Uno de los mejores recuerdos que tengo de mi infancia son las vacaciones, y más si se acompañaban de fuertes vientos, muy comunes por esta época del año. Recuerdo con gran placer, cómo las ráfagas de aire chocaban contra mi rostro.
Eran tiempos en los que las actividades lúdicas y recreativas del día empezaban muy temprano y se terminan bien entrada la noche.
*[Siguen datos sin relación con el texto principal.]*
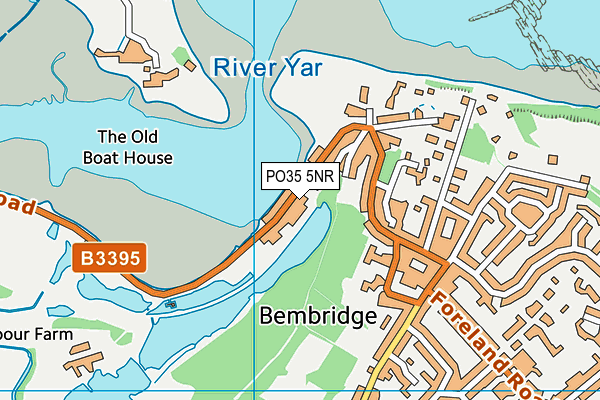 PO35 5NR map - OS VectorMap District (Ordnance Survey) PO35 5NR map - OS VectorMap District (Ordnance Survey)
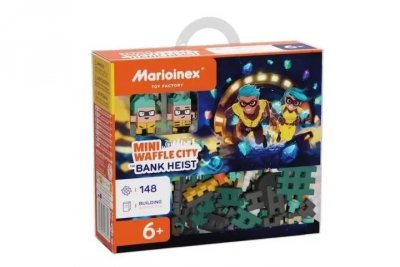 MARIOINEX Klocki wafle mini Napad na bank 148el 06712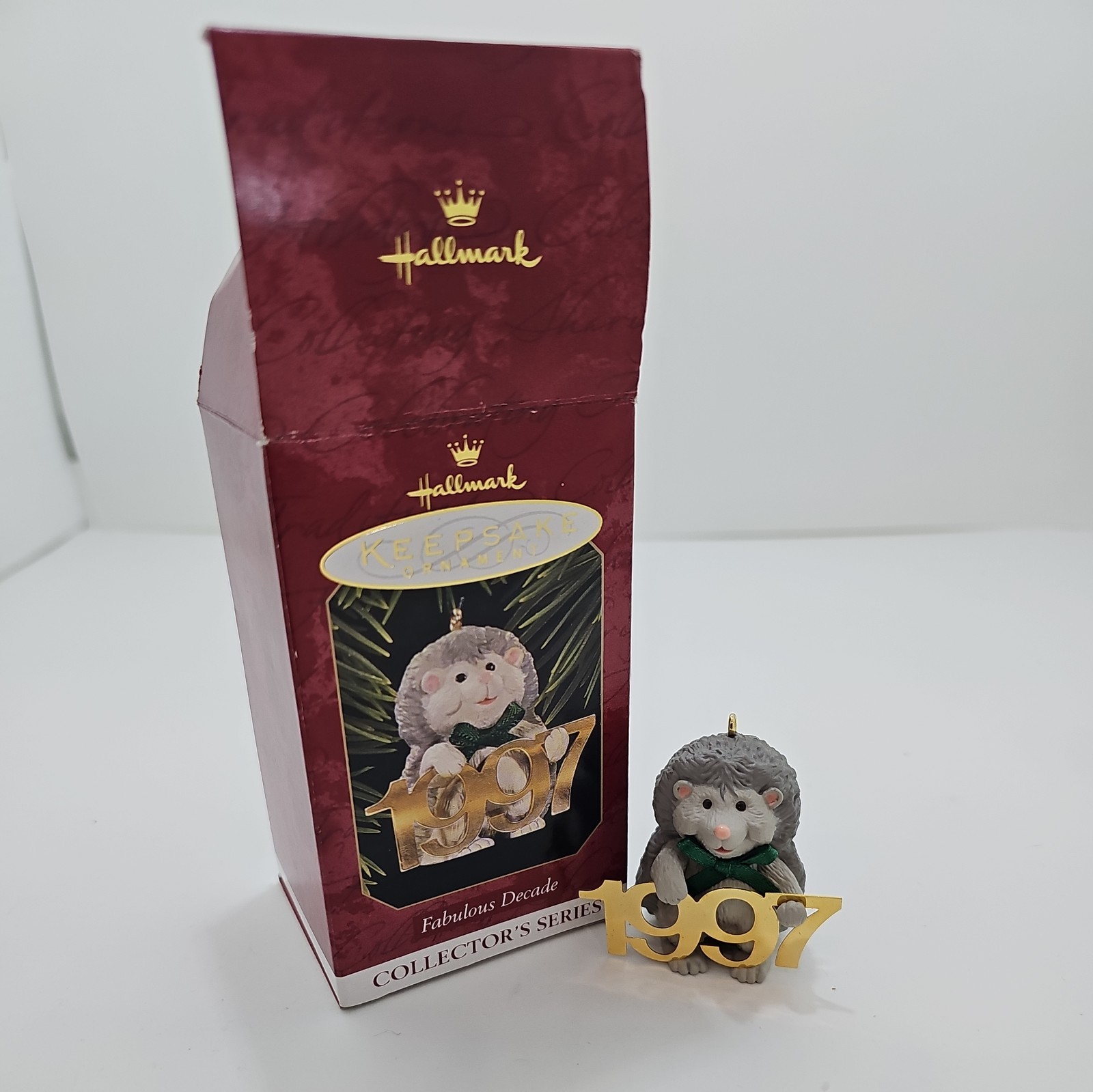Hallmark Keepsake Ornament 1997 Fabulous Decade Hedgehog Vintage NIB Hallmark Keepsake Ornament 1997 Fabulous Decade Hedgehog Vintage NIB
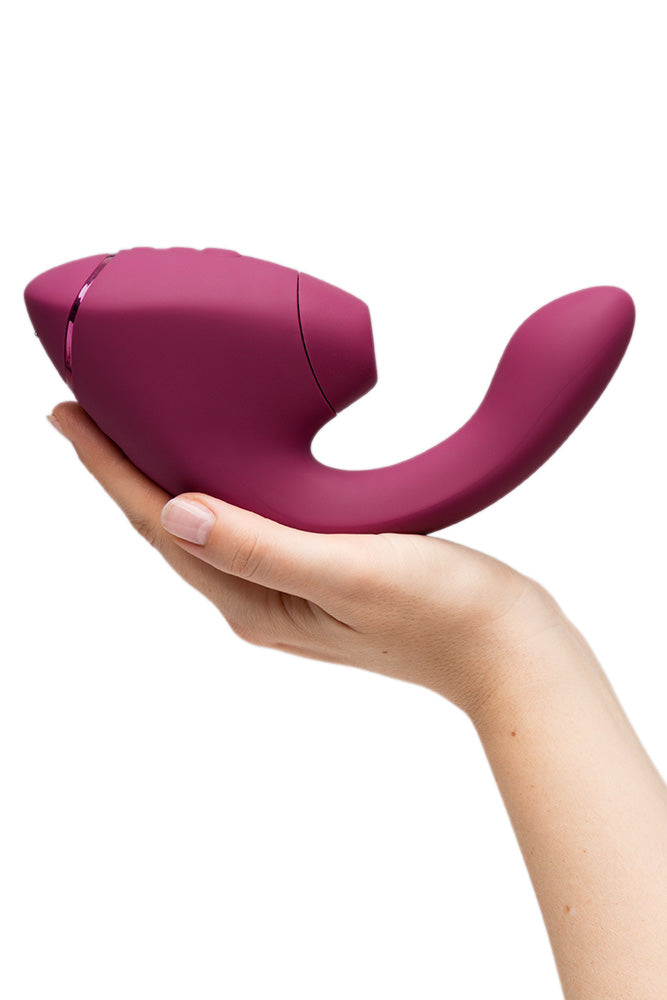 Womanizer - Next Duo Dual Stimulation Vibrator - Dusky Pink - Stag Shop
Y una de esas actividades preferidas era volar, así fuera imaginariamente. Con mis amigos, cada verano, nos reuníamos y diseñábamos modelos “nuevos” de cometas. La clave era fabricar una cometa propia y lo importante era hacerla con nuestras propias manos. La tarea empezaba seleccionando los palitos que conformarían su estructura, luego los cortábamos, los pulíamos y los anudábamos fuerte para resistieran los embates de las ventiscas. Después venía la selección del plástico que íbamos a emplear, tenía que ser resistente y vistoso, para que la futura cometa se viera a muchos metros de distancia. Finalmente, si el diseño lo ameritaba, destrozábamos algunas prendas viejas para hacer la cola y comprábamos un cordel lo más largo posible.
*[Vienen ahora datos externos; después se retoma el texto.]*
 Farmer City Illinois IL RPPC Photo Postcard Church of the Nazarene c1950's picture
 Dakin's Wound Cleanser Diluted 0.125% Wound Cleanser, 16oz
Después de las últimas revisiones venía el momento decisivo, la prueba de verdad, hacer que la cometa diseñada volara con estilo y por sus propios medios. Cometa que se respete debe volar muy alto y hasta con poco viento… nada de correr para que pueda volar “porque se puede volver correlona”, nos decían. Ahora que lo pienso no sé de dónde saldría semejante versión pero recuerdo que nos cuidábamos mucho a fin de que nuestra creación no fuese a padecer semejante maldición y nosotros semejante vergüenza.
Ver cómo la cometa alzaba vuelo y se sostenía en el hermoso cielo azul era todo un espectáculo. Jugábamos a “enviarle telegramas” a nuestra cometa rasgando trozos de papel que se le pegaban al cordel y éstos subían rápidamente hasta ella. Nos turnábamos para tener la madeja y sentir el tirar del viento. Y, si por algún mal golpe de la suerte, el cordel se arrancaba, corríamos como locos a buscar dónde había caído nuestra pobre amiga.
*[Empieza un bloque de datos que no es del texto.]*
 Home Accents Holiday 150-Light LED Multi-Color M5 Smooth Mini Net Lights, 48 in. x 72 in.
Esta evocación nostálgica es para reivindicar uno de los mejores pasatiempos de las vacaciones: elevar cometas. Es un placer que los niños siempre recordarán y que aún de adultos apreciarán con cariño. Esta práctica une familias, hace amigos, genera solidaridades y activa la imaginación. Vale la pena sacar un tiempo, desempolvar la cometa vieja —o, mejor, hacer una nueva— e ir a elevarla este fin de semana.